Inter-Turn Breakdown Fault Analysis and Winding Structure Optimisation of Winding of Dry-Type Transformers in Wind Farms

Abstract

To address the problem of winding turn-to-turn breakdown faults in 35 kV dry-type transformers in wind farms under overvoltage conditions, this paper establishes a simulation model based on the structural dimensions and material parameters of the transformer windings. The winding distribution parameters were calculated using the finite element method. The transient processes inside the high-voltage coil were calculated by constructing a multi-conductor transmission line model (MTL) that took into account the influence of the secondary winding. The voltage distribution of the winding was analysed for both lightning shock and extra-fast transient overvoltage conditions. The simulation results show that the maximum overvoltage between turns of the transformer winding under lightning shock is 5.282 kV; the maximum overvoltage between turns of the winding under very fast transient overvoltage is 11.6 kV, which occurs between the first 2–3 layers of the section, close to the insulation breakdown margin.
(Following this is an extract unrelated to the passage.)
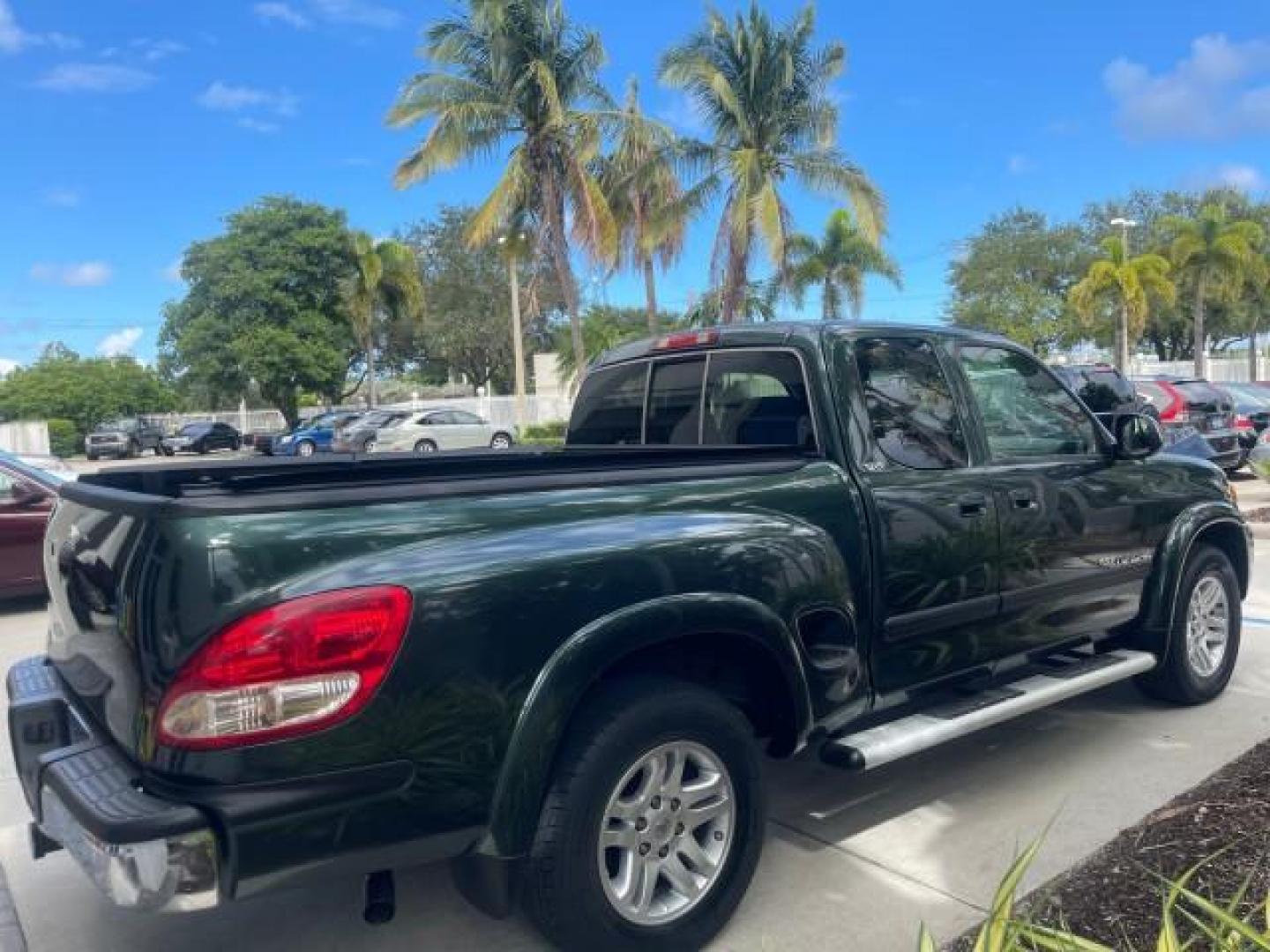 2006 Bluesteel Metallic /Taupe Toyota Tundra SR5 LOW MILES 4.7 V8 (5TBRT34136S) with an 4.7L DOHC SEFI 32-Valve i-Force V8 Engine engine, Automatic transmission, located at 4701 North Dixie Hwy, Pompano Beach, FL, 33064, (954) 422-2889, 26.240938, -80.123474 - OUR WEBPAGE FLORIDACARS1.COM HAS OVER 100 PHOTOS AND FREE CARFAX LINK 2006 TOYOTA TUNDRA SR5 LONG BED VIN: 5TBRT34136S474719 5 T B R T 3 4 1 3 6 S 4 7 4 7 1 9 4 DOOR EXTENDED CAB PICKUP 4.7L V8 F DOHC 32V GASOLINE REAR WHEEL DRIVE Features ABS Brakes Air Conditioning AM/FM Stereo Automatic Transmiss - Photo#7
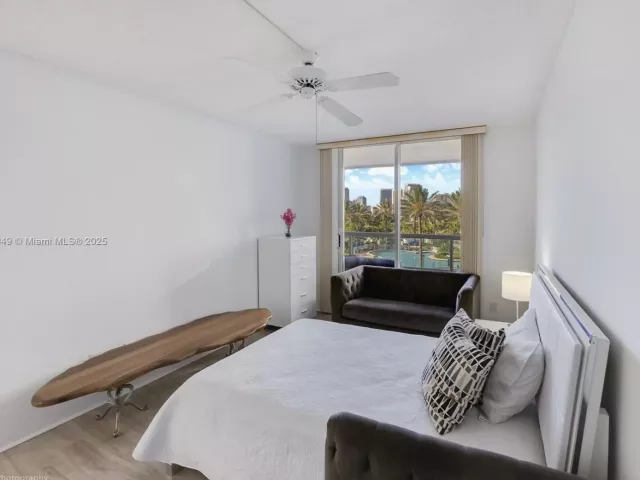 Apartment for sale  Unit #701 - photo 6101472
On this basis, the transformer winding structure was optimised and the maximum inter-turn overvoltage after optimisation was 9.104 kV, reducing the likelihood of insulation breakdown by 24.1%. Finally, the accuracy of the winding structure optimisation simulation study was verified by testing the transformer’s impulse voltage before and after optimisation, providing a reference for the stable operation of 35 kV dry-type transformers in wind farm practical applications.